Today, rode a bus to my final stop: Tokyo. It all starts and ends here, eh? I’m going to stay here for about 2 days and then fly back to America. I can’t wait to see my friends and loved ones.
The ride from Matsumoto (Nagano prefecture) to Shinjuku lasted about three hours. I’ve always loved highway buses, maybe just because they force you to relax. Unlike an airplane, the leg room is pretty good, and the chairs recline pretty well for a nap.
Today, due to procrastination in reserving a ticket, I left an hour late and got nailed with an outrageous $10 fee for a first-class seat. However, this was a blessing of God, because I got to spend that extra hour with my friend David, and I would have paid five times that for my first-class seat. There were only about three empty seats on the bus. One was to my right, and one was behind me (allowing me to recline to the full extent of the law). I sat in the very front and could see out of the windshield. During the ride, I just listened to music and watched the brilliant fall colors fly by. Mountains glowed and danced with the clouds.

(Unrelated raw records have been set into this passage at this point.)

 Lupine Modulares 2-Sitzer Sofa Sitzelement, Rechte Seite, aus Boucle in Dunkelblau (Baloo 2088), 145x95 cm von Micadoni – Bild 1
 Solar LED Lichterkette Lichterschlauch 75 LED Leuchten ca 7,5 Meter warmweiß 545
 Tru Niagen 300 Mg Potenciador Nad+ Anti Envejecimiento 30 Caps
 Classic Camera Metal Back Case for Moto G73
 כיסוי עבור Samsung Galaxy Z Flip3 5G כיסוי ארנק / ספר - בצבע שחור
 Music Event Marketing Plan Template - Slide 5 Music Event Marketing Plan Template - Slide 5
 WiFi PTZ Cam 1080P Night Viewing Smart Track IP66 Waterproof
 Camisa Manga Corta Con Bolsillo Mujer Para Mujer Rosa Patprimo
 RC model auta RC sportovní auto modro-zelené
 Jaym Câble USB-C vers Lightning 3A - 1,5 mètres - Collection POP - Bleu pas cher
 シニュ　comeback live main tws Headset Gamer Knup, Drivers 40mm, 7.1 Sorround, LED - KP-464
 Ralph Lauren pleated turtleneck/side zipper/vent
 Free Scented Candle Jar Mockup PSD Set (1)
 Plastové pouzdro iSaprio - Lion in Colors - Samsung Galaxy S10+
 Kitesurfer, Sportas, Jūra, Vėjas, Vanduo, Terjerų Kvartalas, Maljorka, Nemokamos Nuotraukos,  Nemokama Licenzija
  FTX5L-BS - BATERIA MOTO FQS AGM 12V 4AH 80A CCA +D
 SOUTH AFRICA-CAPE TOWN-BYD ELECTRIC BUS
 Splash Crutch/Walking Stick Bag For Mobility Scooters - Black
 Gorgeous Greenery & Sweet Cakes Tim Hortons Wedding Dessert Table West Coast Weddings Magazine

In the middle of the ride, as the sun began falling behind the hills, I looked into the distance to see a very peculiar cloud formation. I stared for a moment, then my eyes adjusted, prompting me to quote Obi Wan Kenobi: “That’s no cloud!” It was a mountain! And if you’re in Japan and see a mountain that big, it can be only one: Fuji-san.
Nothing surrounding it even compares. Fuji-san stands alone. And that’s why it’s so famous: it rises like some primordial force of nature above anything else in the entire island chain. You cannot mistake the form for another: arched sides form a perfectly flat top, like something out of a painting. As the cold weather progresses, snow will drip lower and lower down its slopes. When I passed it, clouds surrounded its lower slopes and adorned it like a necklace, golden in the light of the setting sun.
Random Japanese trivia: Fuji-san means Mount Fuji. The “san” on the end means mountain and has nothing to do with the “san” attached to people’s names.
Perhaps even more than the Japense flag, Fuji-san represents this great nation. And as one who yearns for the Japanese people to know life in Jesus, that symbolism deepens. It looks down upon the other mountains around it. As you drive, while smaller hills grow and shrink, the fathomless Fuji-san stands still. It looks like a backdrop to a movie. Or a visualization for the spiritual atmosphere of Japan.
After the sun fell, another amazing sight assailed me. As we approached Tokyo, in the distance, the square blocks of red lights (these are the lights they put on top of skyscrapers to keep planes away) rose slowly against the black of night. The mountain of modern Japan rose to meet us.
The Bible says that every high place will be exalted and every mountain made low. God opposes the proud and gives grace to the humble. His voice of mercy calls out to Japan and says, “Be humbled, ye mighty mountain.” To those who work day and night, He calls in mercy, “Come to me, you who are weary and heavy laden.” To those who crumple under the pressure and loneliness around them, He calls, “I set the lonely in family.”
A day approaches when the mountain of God shall be exalted above every mountain. The Japanese Christians who lay fallen and buried under a society that does not understand or acknowledge them will rise in exaltation over the mountain that has crushed them. And He calls every suited businessman and every uniformed school girl, every housewife in the kitchen and every shut-in grandfather to come to His mountain.
Will you pray for Him to send laborers to call this people to Him?